#### Your assignment
Your copy should match the listing below word for word, with no images in it.

···

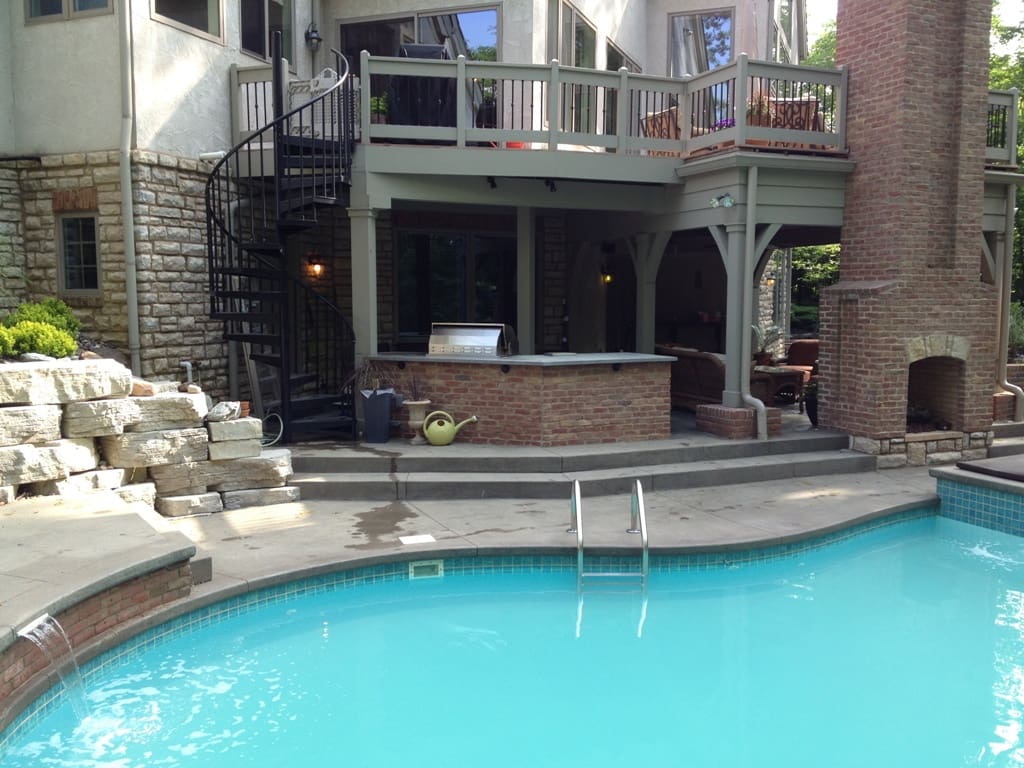 Sheets Outdoor Kitchen Aspen Fireplace & Patio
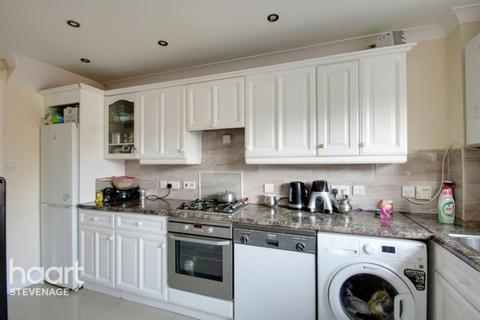 93 Hayfield, Stevenage, SG2 7JR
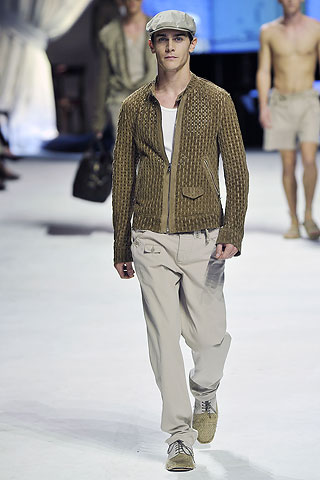 Dolce & Gabbana / - 2011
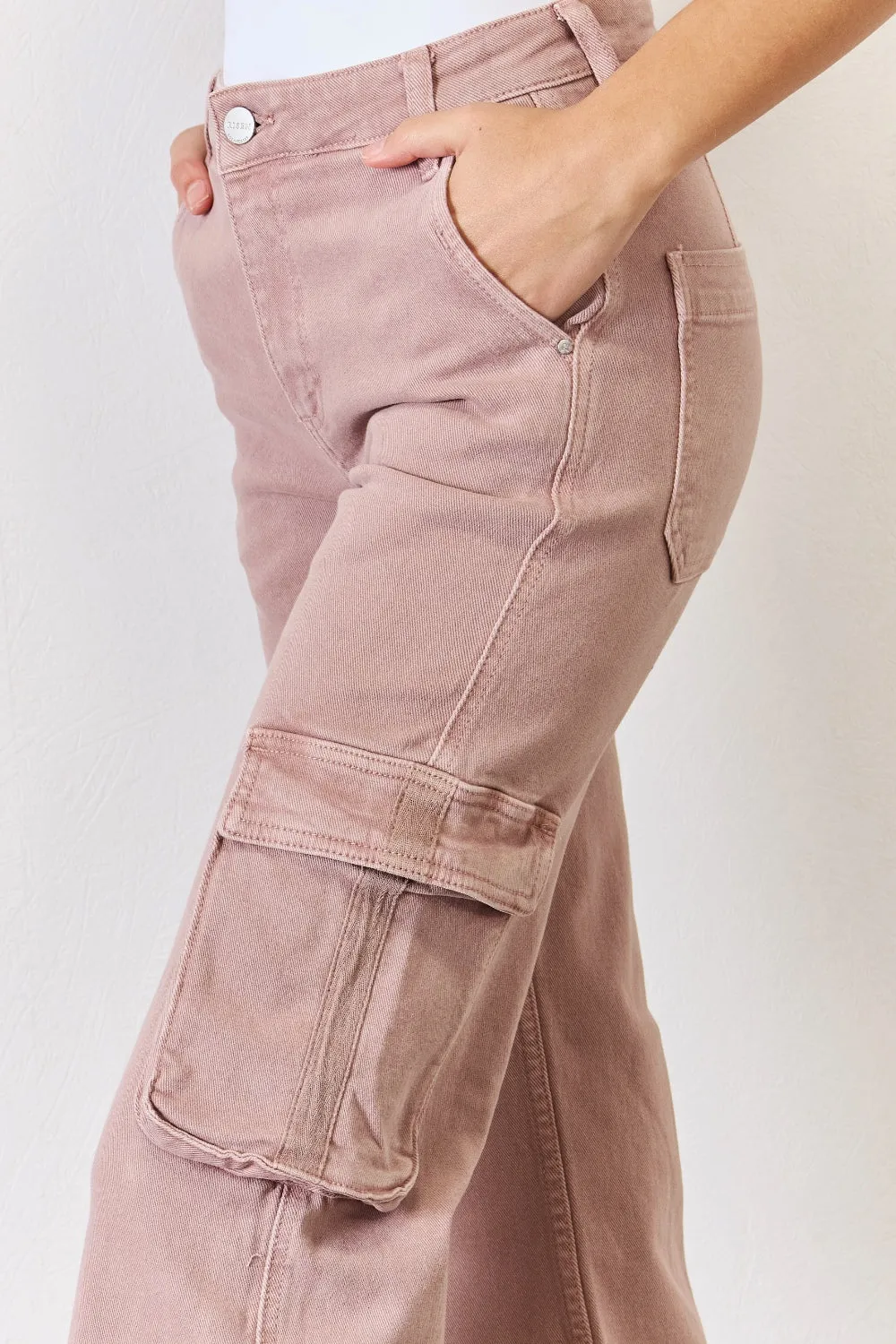 High-Rise Wide-Leg Cargo Pants with Functional Pockets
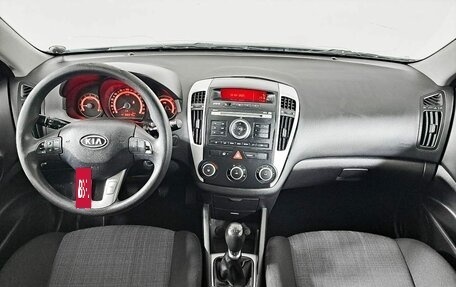 KIA cee'd I рестайлинг, 2010 год, 690 000 рублей, 17 фотография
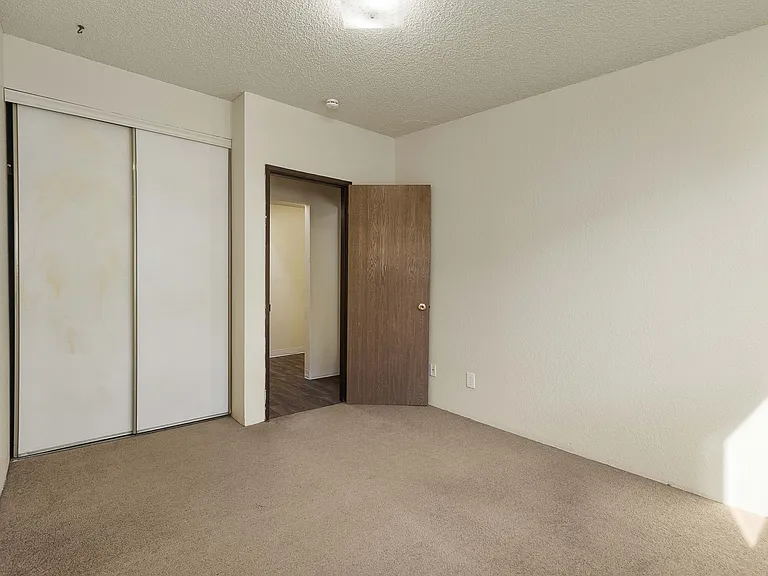 Badger & Blue Lake Apartments — Photo 14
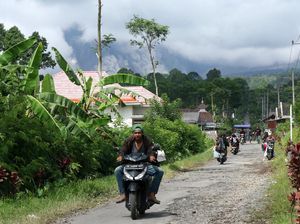 Pagi Ini Gunung Semeru Kembali Erupsi, Warga Panik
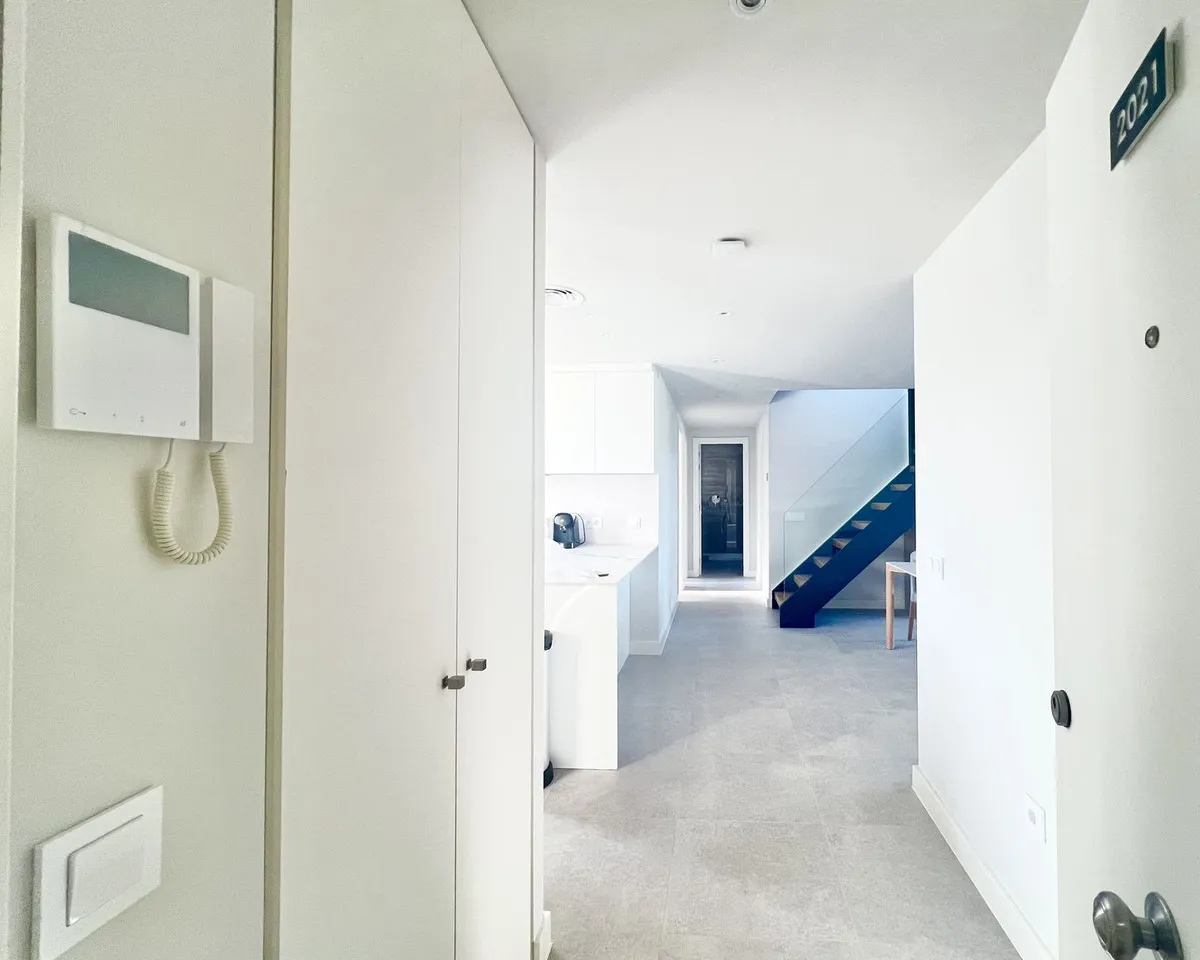 1c881994-a507-4ccf-9871-a326f6e24224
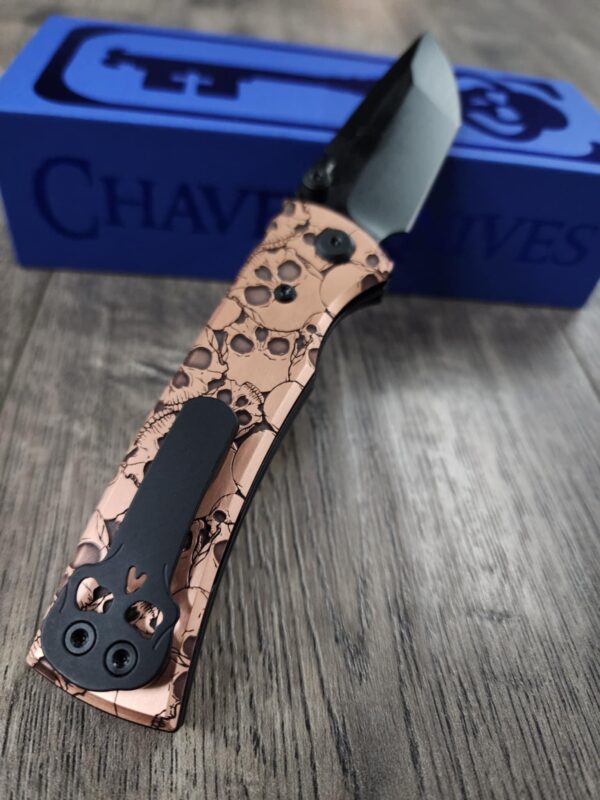 il_fullxfull.6626504460_d4j8.jpg Chaves Redencion Street - Skulls Relief Engraved Copper Scales - Complete Knife - Black Elmax Blade - New In Box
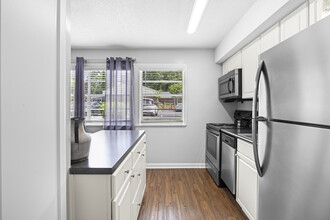 Royal Park - Students save up to 10%! in Carrboro, NC - Building Photo - Building Photo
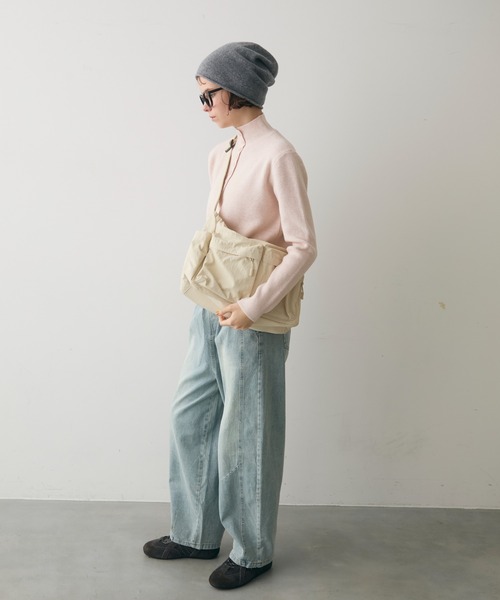 full/fill.(フルフィル)の「out pocket square shoulder bag / アウトポケットスクエアショルダーバッグ(ショルダーバッグ・レディース・アイボリー/ブラック・FREE)」の16枚目の写真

···

#### Your solution
 Sheets Outdoor Kitchen Aspen Fireplace & Patio
 93 Hayfield, Stevenage, SG2 7JR
 Dolce & Gabbana / - 2011
 High-Rise Wide-Leg Cargo Pants with Functional Pockets
 KIA cee'd I рестайлинг, 2010 год, 690 000 рублей, 17 фотография
 Badger & Blue Lake Apartments — Photo 14
 Pagi Ini Gunung Semeru Kembali Erupsi, Warga Panik
 1c881994-a507-4ccf-9871-a326f6e24224
 il_fullxfull.6626504460_d4j8.jpg Chaves Redencion Street - Skulls Relief Engraved Copper Scales - Complete Knife - Black Elmax Blade - New In Box
 Royal Park - Students save up to 10%! in Carrboro, NC - Building Photo - Building Photo
 full/fill.(フルフィル)の「out pocket square shoulder bag / アウトポケットスクエアショルダーバッグ(ショルダーバッグ・レディース・アイボリー/ブラック・FREE)」の16枚目の写真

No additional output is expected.